Ray Strudwick

Personal information
- Born: 22 June 1949 (age 75) Darlinghurst, New South Wales, Australia

Playing information
- Position: Wing, Centre
Club
| Years | Team | Pld | T | G | FG | P |
| 1969–72 | Canterbury-Bankstown | 49 | 10 | 0 | 0 | 30 |
| 1973–74 | Eastern Suburbs | 9 | 3 | 0 | 0 | 9 |
| 1975 | Parramatta | 6 | 1 | 0 | 0 | 3 |
|  | Total | 64 | 14 | 0 | 0 | 42 |
- Source: As of 17 March 2025

= Ray Strudwick =

Australian rugby league footballer

Ray Strudwick is an Australian former rugby league footballer who played in the 1960s and 1970s. He played for Canterbury-Bankstown, Eastern Suburbs and Parramatta in the New South Wales Rugby League (NSWRL) competition.

== Early life ==
Strudwick was born on 22 June 1949 at Darlinghurst. He attended Picnic Point High School and played junior rugby league with Bankstown Sports Club.

==Playing career==
Strudwick made his first grade debut for Canterbury-Bankstown on 28 March 1969, winning 18–0 against Newtown. He was a regular first grade player for most of that season, scoring 10 tries. Strudwick was the Berries first grade player number 340.

In 1970, Strudwick began the year as a member of the team that won the preseason Wills Cup competition, defeating St. George 20–11 including a try by Strudwick. He went on to play every first grade game bar one during the season, scoring seven tries.

During 1971–72, Strudwick played mostly reserve grade. His team won the Reserve Grade Premiership in both years. He played only 14 first grade games in that period. In 1972, despite playing only six first grade games, Strudwick was featured on the cover of The Rugby League News.
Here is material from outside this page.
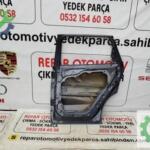 hyundai santa fe sağ arka kapı orijinal çıkma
For the 1973 season, Strudwick transferred to Easts. He became Easts first grade player number 638. Strudwick played nine premiership games over the next two seasons, scoring three tries.
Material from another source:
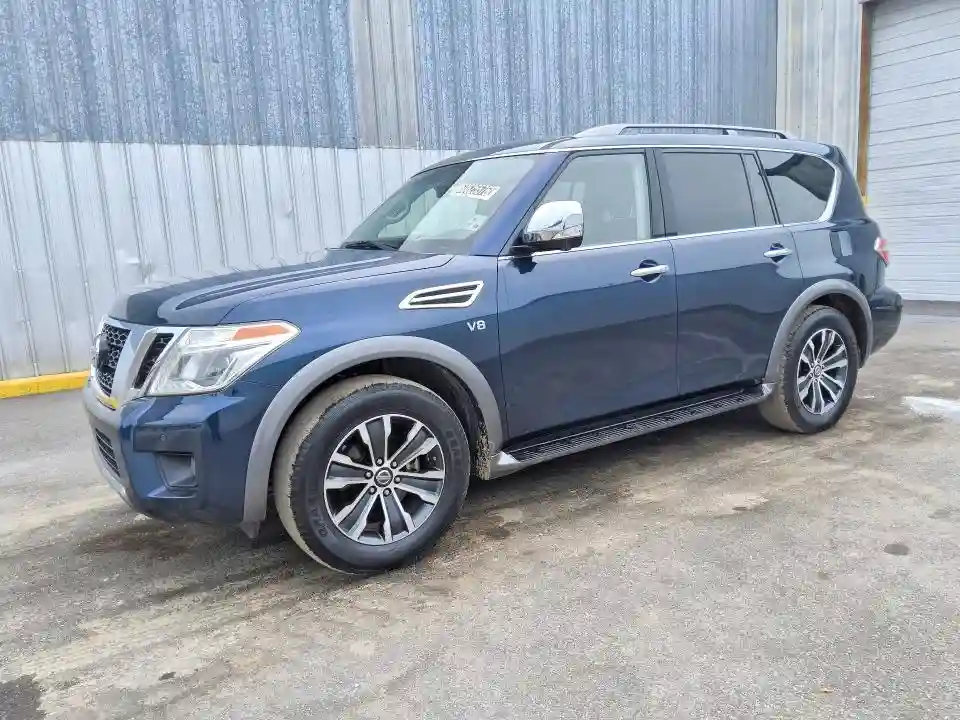 JN8AY2ND6LX016515 2020 NISSAN ARMADA-0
In 1975, Strudwick turned out for Parramatta, scoring one try in six premiership games. He was the Eels first grade player number 334.
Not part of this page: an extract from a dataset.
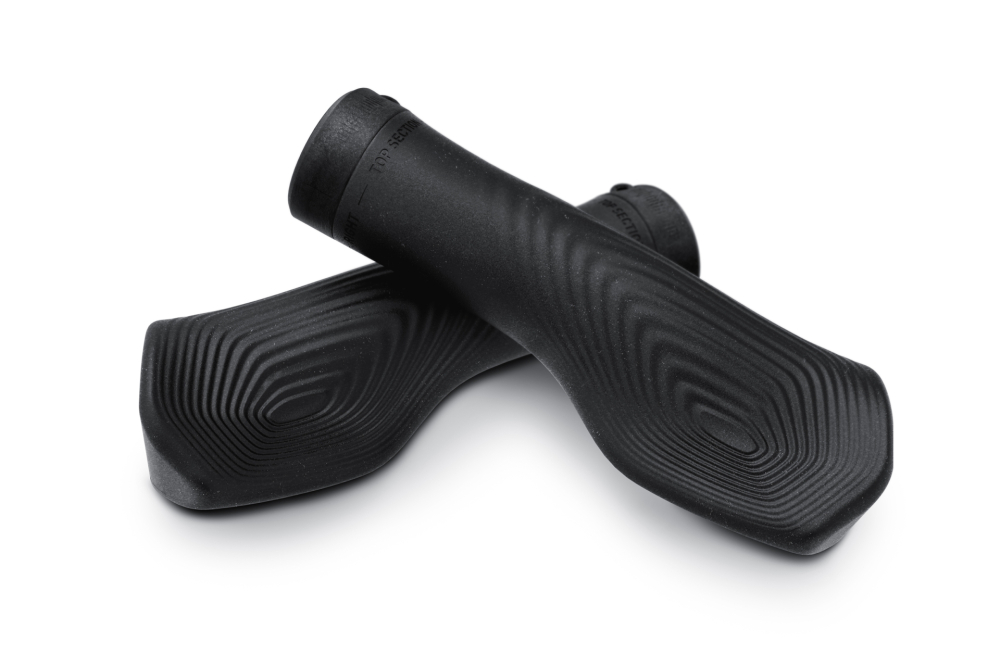 MANSOANE ACID TRAVEL NEGRU [2]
Strudwick played his last premiership game on 11 May 1975, losing 13–18 to his old club Canterbury-Bankstown, but scoring a try for the Eels. He was a bench player for the 1975 Amco Cup final, which the Eels lost 7–17 to Easts.

Strudwick's first grade premiership career spanned 64 games, scoring 14 tries over six seasons with three different clubs.